**What you should do:** Start at the top and transcribe every record through the final line exactly.
[Data to use — start]
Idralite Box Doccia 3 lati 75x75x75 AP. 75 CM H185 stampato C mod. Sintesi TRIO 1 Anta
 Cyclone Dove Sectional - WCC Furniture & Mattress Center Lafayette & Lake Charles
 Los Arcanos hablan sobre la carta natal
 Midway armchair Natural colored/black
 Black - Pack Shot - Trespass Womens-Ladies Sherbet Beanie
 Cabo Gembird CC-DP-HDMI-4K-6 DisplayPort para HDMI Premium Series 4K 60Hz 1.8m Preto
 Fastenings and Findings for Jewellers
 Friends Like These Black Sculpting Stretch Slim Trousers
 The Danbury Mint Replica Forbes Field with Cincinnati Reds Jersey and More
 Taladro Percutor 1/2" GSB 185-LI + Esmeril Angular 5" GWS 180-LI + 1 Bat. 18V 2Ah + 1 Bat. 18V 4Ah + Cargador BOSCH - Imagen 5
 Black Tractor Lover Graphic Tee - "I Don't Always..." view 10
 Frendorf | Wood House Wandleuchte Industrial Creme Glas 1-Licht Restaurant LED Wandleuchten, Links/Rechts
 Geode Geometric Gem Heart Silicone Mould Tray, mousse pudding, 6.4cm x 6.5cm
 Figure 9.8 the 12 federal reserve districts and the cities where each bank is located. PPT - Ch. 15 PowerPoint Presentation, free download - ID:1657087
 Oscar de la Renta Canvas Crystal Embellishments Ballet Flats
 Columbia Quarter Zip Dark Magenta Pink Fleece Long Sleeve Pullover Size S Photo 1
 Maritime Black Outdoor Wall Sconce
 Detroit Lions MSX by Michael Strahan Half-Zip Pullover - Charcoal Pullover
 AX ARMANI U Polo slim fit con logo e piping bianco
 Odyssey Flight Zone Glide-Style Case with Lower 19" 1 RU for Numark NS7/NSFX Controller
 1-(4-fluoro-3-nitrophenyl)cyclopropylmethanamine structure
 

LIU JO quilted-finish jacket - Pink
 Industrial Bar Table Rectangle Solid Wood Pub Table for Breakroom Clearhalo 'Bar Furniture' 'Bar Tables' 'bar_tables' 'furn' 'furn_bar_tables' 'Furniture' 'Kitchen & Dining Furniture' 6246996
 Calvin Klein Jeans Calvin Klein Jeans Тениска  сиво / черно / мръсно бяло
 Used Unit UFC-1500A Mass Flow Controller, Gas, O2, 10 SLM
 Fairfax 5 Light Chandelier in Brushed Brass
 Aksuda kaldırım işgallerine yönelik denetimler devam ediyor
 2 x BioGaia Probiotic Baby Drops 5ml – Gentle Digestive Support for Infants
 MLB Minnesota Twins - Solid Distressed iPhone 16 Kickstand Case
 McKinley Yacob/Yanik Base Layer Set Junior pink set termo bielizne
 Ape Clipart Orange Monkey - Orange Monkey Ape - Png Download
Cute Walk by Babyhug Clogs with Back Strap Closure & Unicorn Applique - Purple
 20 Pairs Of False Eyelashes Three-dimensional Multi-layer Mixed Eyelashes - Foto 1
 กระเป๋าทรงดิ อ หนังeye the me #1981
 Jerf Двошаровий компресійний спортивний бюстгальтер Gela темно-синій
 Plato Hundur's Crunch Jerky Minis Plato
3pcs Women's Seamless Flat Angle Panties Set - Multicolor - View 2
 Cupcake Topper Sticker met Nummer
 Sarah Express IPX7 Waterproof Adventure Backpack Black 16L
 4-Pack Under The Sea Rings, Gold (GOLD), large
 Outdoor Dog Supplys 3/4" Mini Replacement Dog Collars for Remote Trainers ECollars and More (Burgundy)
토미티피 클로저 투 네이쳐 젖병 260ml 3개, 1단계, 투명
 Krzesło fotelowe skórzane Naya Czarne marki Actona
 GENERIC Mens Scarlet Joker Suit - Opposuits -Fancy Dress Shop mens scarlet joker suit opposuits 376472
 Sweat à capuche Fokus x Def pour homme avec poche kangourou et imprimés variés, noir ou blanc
[Data to use — finish]
**The completed task:**
Idralite Box Doccia 3 lati 75x75x75 AP. 75 CM H185 stampato C mod. Sintesi TRIO 1 Anta
 Cyclone Dove Sectional - WCC Furniture & Mattress Center Lafayette & Lake Charles
 Los Arcanos hablan sobre la carta natal
 Midway armchair Natural colored/black
 Black - Pack Shot - Trespass Womens-Ladies Sherbet Beanie
 Cabo Gembird CC-DP-HDMI-4K-6 DisplayPort para HDMI Premium Series 4K 60Hz 1.8m Preto
 Fastenings and Findings for Jewellers
 Friends Like These Black Sculpting Stretch Slim Trousers
 The Danbury Mint Replica Forbes Field with Cincinnati Reds Jersey and More
 Taladro Percutor 1/2" GSB 185-LI + Esmeril Angular 5" GWS 180-LI + 1 Bat. 18V 2Ah + 1 Bat. 18V 4Ah + Cargador BOSCH - Imagen 5
 Black Tractor Lover Graphic Tee - "I Don't Always..." view 10
 Frendorf | Wood House Wandleuchte Industrial Creme Glas 1-Licht Restaurant LED Wandleuchten, Links/Rechts
 Geode Geometric Gem Heart Silicone Mould Tray, mousse pudding, 6.4cm x 6.5cm
 Figure 9.8 the 12 federal reserve districts and the cities where each bank is located. PPT - Ch. 15 PowerPoint Presentation, free download - ID:1657087
 Oscar de la Renta Canvas Crystal Embellishments Ballet Flats
 Columbia Quarter Zip Dark Magenta Pink Fleece Long Sleeve Pullover Size S Photo 1
 Maritime Black Outdoor Wall Sconce
 Detroit Lions MSX by Michael Strahan Half-Zip Pullover - Charcoal Pullover
 AX ARMANI U Polo slim fit con logo e piping bianco
 Odyssey Flight Zone Glide-Style Case with Lower 19" 1 RU for Numark NS7/NSFX Controller
 1-(4-fluoro-3-nitrophenyl)cyclopropylmethanamine structure
 

LIU JO quilted-finish jacket - Pink
 Industrial Bar Table Rectangle Solid Wood Pub Table for Breakroom Clearhalo 'Bar Furniture' 'Bar Tables' 'bar_tables' 'furn' 'furn_bar_tables' 'Furniture' 'Kitchen & Dining Furniture' 6246996
 Calvin Klein Jeans Calvin Klein Jeans Тениска  сиво / черно / мръсно бяло
 Used Unit UFC-1500A Mass Flow Controller, Gas, O2, 10 SLM
 Fairfax 5 Light Chandelier in Brushed Brass
 Aksuda kaldırım işgallerine yönelik denetimler devam ediyor
 2 x BioGaia Probiotic Baby Drops 5ml – Gentle Digestive Support for Infants
 MLB Minnesota Twins - Solid Distressed iPhone 16 Kickstand Case
 McKinley Yacob/Yanik Base Layer Set Junior pink set termo bielizne
 Ape Clipart Orange Monkey - Orange Monkey Ape - Png Download
Cute Walk by Babyhug Clogs with Back Strap Closure & Unicorn Applique - Purple
 20 Pairs Of False Eyelashes Three-dimensional Multi-layer Mixed Eyelashes - Foto 1
 กระเป๋าทรงดิ อ หนังeye the me #1981
 Jerf Двошаровий компресійний спортивний бюстгальтер Gela темно-синій
 Plato Hundur's Crunch Jerky Minis Plato
3pcs Women's Seamless Flat Angle Panties Set - Multicolor - View 2
 Cupcake Topper Sticker met Nummer
 Sarah Express IPX7 Waterproof Adventure Backpack Black 16L
 4-Pack Under The Sea Rings, Gold (GOLD), large
 Outdoor Dog Supplys 3/4" Mini Replacement Dog Collars for Remote Trainers ECollars and More (Burgundy)
토미티피 클로저 투 네이쳐 젖병 260ml 3개, 1단계, 투명
 Krzesło fotelowe skórzane Naya Czarne marki Actona
 GENERIC Mens Scarlet Joker Suit - Opposuits -Fancy Dress Shop mens scarlet joker suit opposuits 376472
 Sweat à capuche Fokus x Def pour homme avec poche kangourou et imprimés variés, noir ou blanc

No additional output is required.